Wednesday, December 1, 2010

Feature Article



NORTH KOREA WARNS OF ALL-OUT WAR

By the CNN Wire Staff

S T O R Y    H I G H L I G H T S

  • North Korea continues to protest U.S. and South Korea's military drills
  • The U.S. and South Korean drills will go on until Friday
  • The drills are a response to the sinking of a South Korean ship, the U.S. has said

(CNN) -- North Korea warned Tuesday that the continuing military drills by the United States and South Korea could lead to "all-out war any time."

The firmly-worded message was published in North Korea's state-run KCNA news service.

"If the U.S. and the South Korean war-like forces fire even a shell into the inviolable land and territorial waters of the DPRK, they will have to pay dearly for this," the news service report said.

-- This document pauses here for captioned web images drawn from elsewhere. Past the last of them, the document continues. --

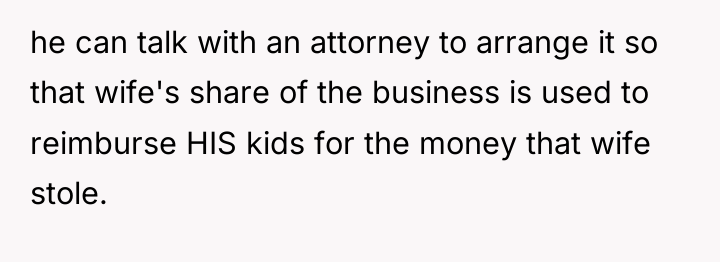 he can talk with an attorney to arrange it so...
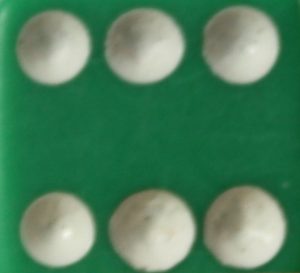 PARTS ONLY -Green/White Board Game Die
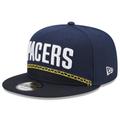 Men's New Era Navy Indiana Pacers 2022/23 City Edition Official 9FIFTY Snapback Adjustable Hat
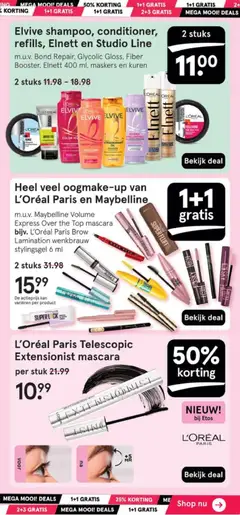 L'Oréal Paris Telescopic Extensionist mascara, L'Oréal Paris Telescopic Extensionist mascara - Voorbeeld van een folder van Etos, geldig van 02.02.2026 | Pagina: 15 | Producten: Kan, Mascara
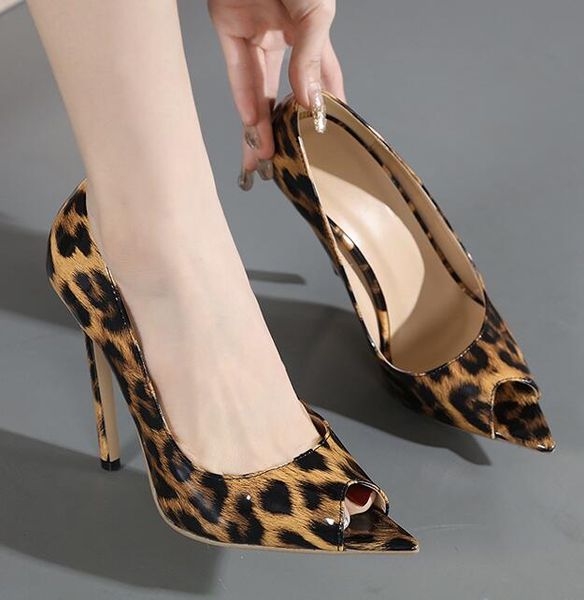 new shoes pumps women leopard print pointed peep toe stripper heels party female sandals stiletto, Black
new shoes pumps women leopard print pointed peep toe stripper heels party female sandals stiletto, Black
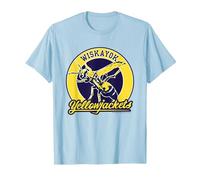 Wiskayok Yellowjackets Équipe de Football T-Shirt, Homme, Bleu Céleste, XL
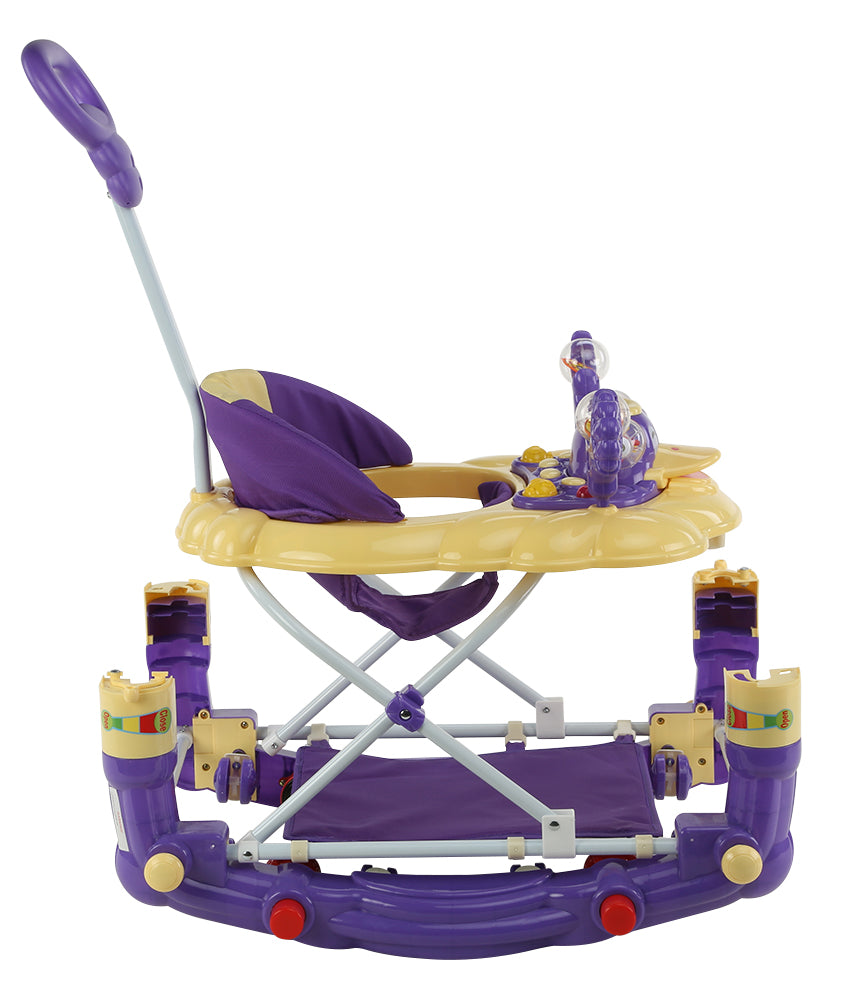 Comfy Baby Walker Cum Rocker, Purple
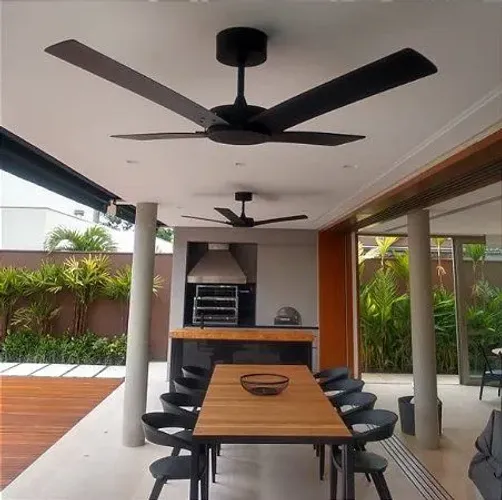 Instalação ventilador de teto, lustres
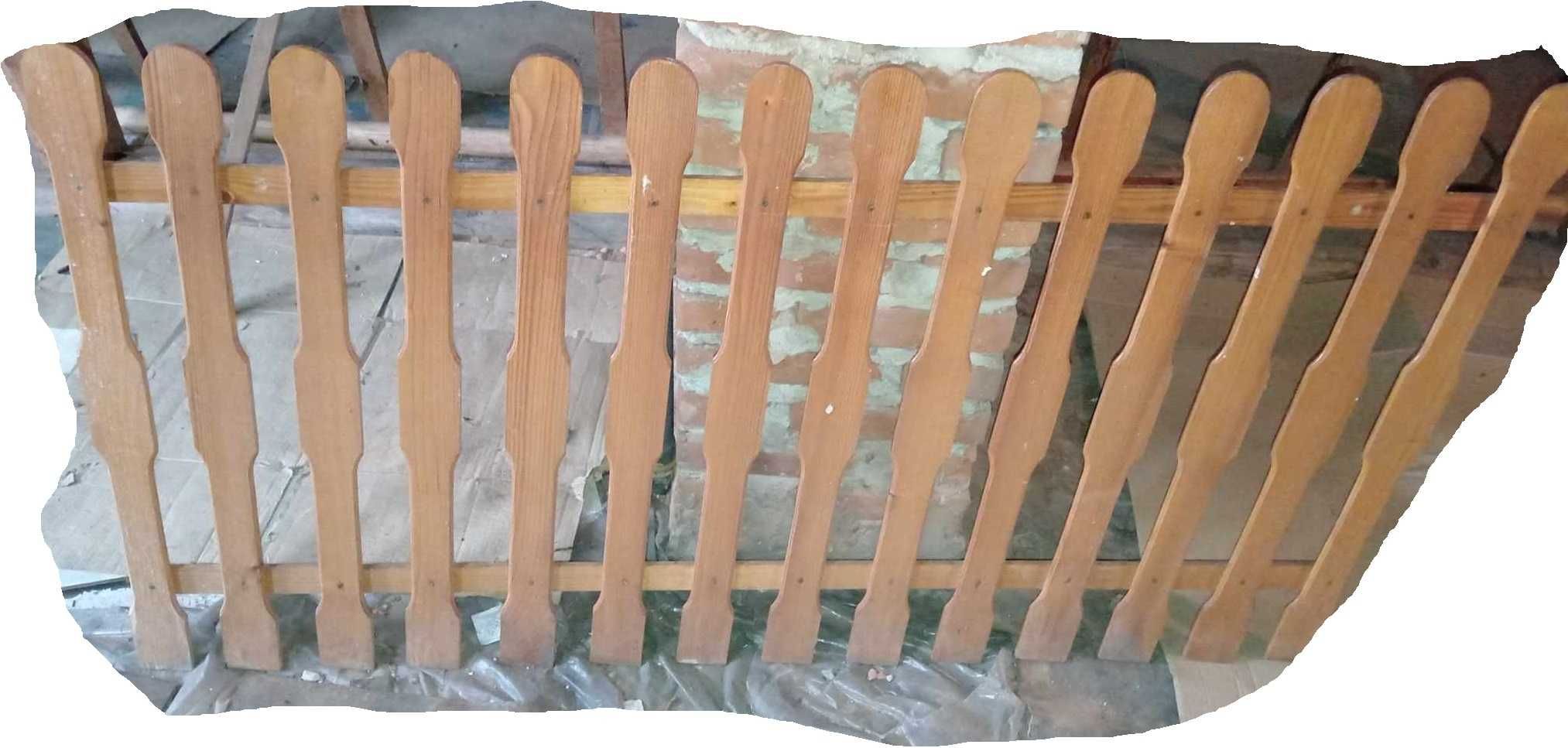 Płotek ochronny dla dzieci drewniany 150x80cm mało używany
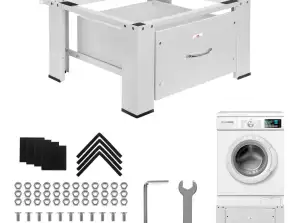 Washer/dryer base with Maclean drawer. Max. load 150kg. White. MC 117 W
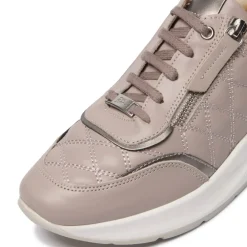 Lestina Grey Leather Leisure<Carl Scarpa New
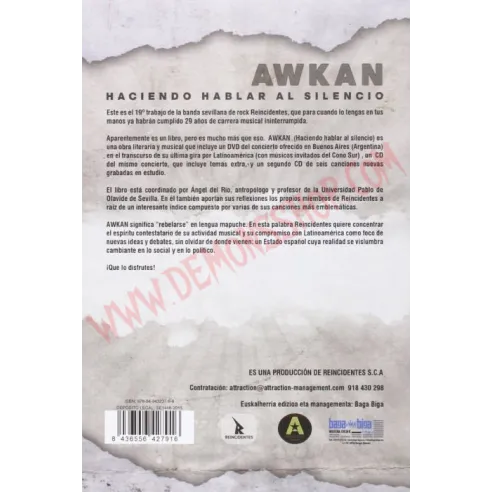 CD Reincidentes - Awkan 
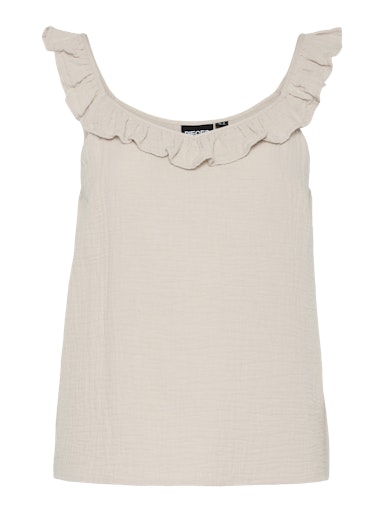 Sastina Organic Cotton Tank (Silver Grey) - 25% OFF AT CHECKOUT - FINAL SALE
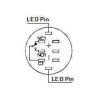 PULSADOR ANTIVANDALICO LED AZUL IP65 6V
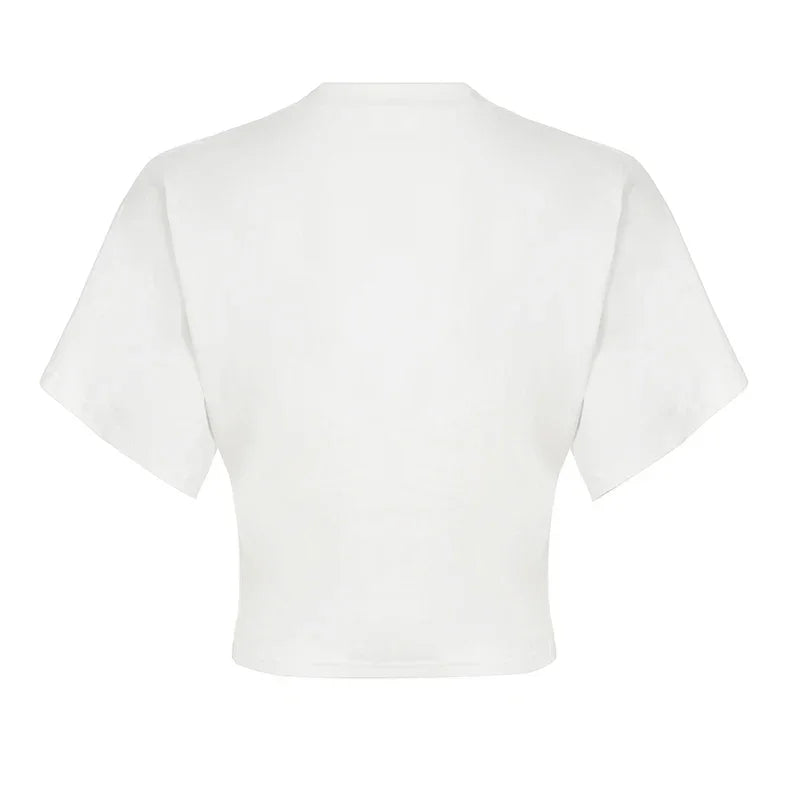 Fashion Simple Causal Solid Slim Fit Women T-Shirts Summer Trendy New Base All-Match Shirts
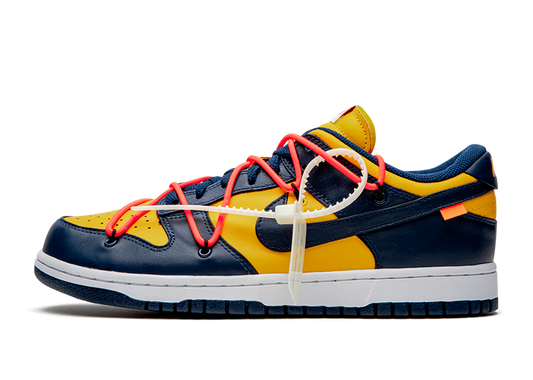 Dunk Low Off-White University Gold Midnight Navy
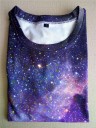 Herre elastisk 3D-printet T-shirt - Universe 2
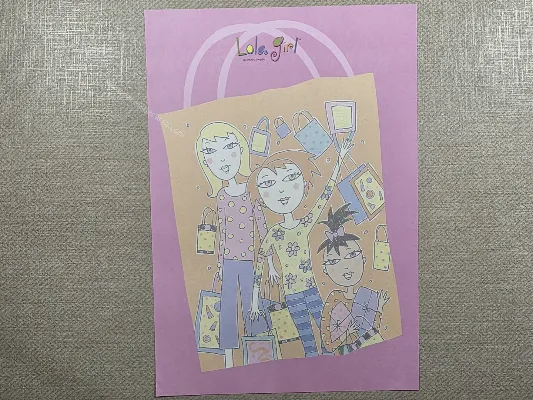 Papel de carta Menininhas - 2752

South Korea and the United States launched joint anti-submarine military exercises on Monday, drawing consternation from North Korea.

Seoul and Washington postponed the exercises earlier this month because of a tropical storm.

The drills, which are to run through Friday, are "designed to send a clear message of deterrence to North Korea," U.S. Forces Korea have said.

U.S. officials have said the exercises off the western coast of the Korean peninsula are in response to North Korea's sinking of a South Korean warship in March.

In May, a report from South Korea blamed the North for sinking the Cheonan warship with a torpedo, killing 46 sailors.

North Korea denies sinking the ship and says South Korea and the United States are using it as a pretext to conduct the war games.

The drills also come after the November 23 shelling of a South Korean island by North Korea. The attack on Yeonpyeong Island killed four South Koreans and injured 15 others.

U.S. Navy crew members work on the aircraft carrier USS
 George Washington during a joint U.S.- South Korean military exercise



Brink of War

By Matt Gurney


November 24, 2010 - Early Tuesday morning, local time, South Korean military forces were conducting a military exercise from a Marine base on the island of Yeonpyeong. The exercise involved firing artillery from the base, out over the Yellow Sea, to the south of the island — and away from North Korean territory.

North Korea contacted the South during the exercise and demanded that the South cease fire. When the South refused to comply with the North’s demand, North Korea opened fire [1] on Yeonpyeong Island, territory that has been recognized by the United Nations as belonging to the South for 57 years.

This attack is the most serious incident between the two nations since they were divided after the Second World War.

The North Korean attack, involving approximately 100 artillery shells, hit the base on Yeonpyeong, killing two [2] South Korean Marines and wounding 15 others. The North also shelled several civilian villages around the base. It is not known whether or not the civilian areas were intentionally targeted or were hit due to failures in North Korean targeting, but multiple (reports range from several to several dozen) private homes and buildings were destroyed. The island’s civilian population quickly sought shelter underground, but three civilians were still wounded in the attack.

South Korea was not long in responding. It immediately returned fire with its own artillery; while the North has of course not revealed its own losses, the South Korean military is a modern, well-equipped fighting force, and it’s near certain that they hit what they were aiming at. North Korean casualties are likely. The South also scrambled F-16 fighter jets [3] to the area, but there are no reports yet as to whether or not they engaged any targets in North Korea. The South Korean military, while holding off on any further reaction to the North’s attack, is now at its maximum state of alert.

It is difficult to overstate the gravity of Tuesday’s attack. The two Koreas are both heavily armed nations, locked in a permanent state of war since a truce ended the Korean War in 1953. The two armies face off against each other across the Demilitarized Zone, where the modern military of South Korea, some 600,000 strong, is opposite a larger North Korean military, of an estimated one million troops, armed with mid-20th century weapons.

The North’s technological backwardness should not cause anyone to underestimate it. Quantity has a quality on its own, and in a final battle between the larger Cold War-era force and the modern, mobile South Koreans, while the South would likely win, it would not do so cheaply. Its capital city, Seoul, is within artillery range of North Korean positions, and as the North has shown today, it is now willing to use its artillery against South Korean soil. Any war between the two would be devastating in both lives and property and would send shockwaves through the fragile global economy.

This is not the first time that the South has been provoked by North Korea.

Indeed, it was only eight months ago, in March,that the North Korean Navy launched an unprovoked attack [4] upon the South. The South Korean warship Cheonan was torpedoed as it sailed the waters near Yeonpyeong Island. The torpedo explosion, which struck with no warning, blew the Cheonan in half. She went down quickly, taking 46 men with her. Another man, a South Korean rescue diver, would later die during search and recovery efforts to the Cheonan’s hulk.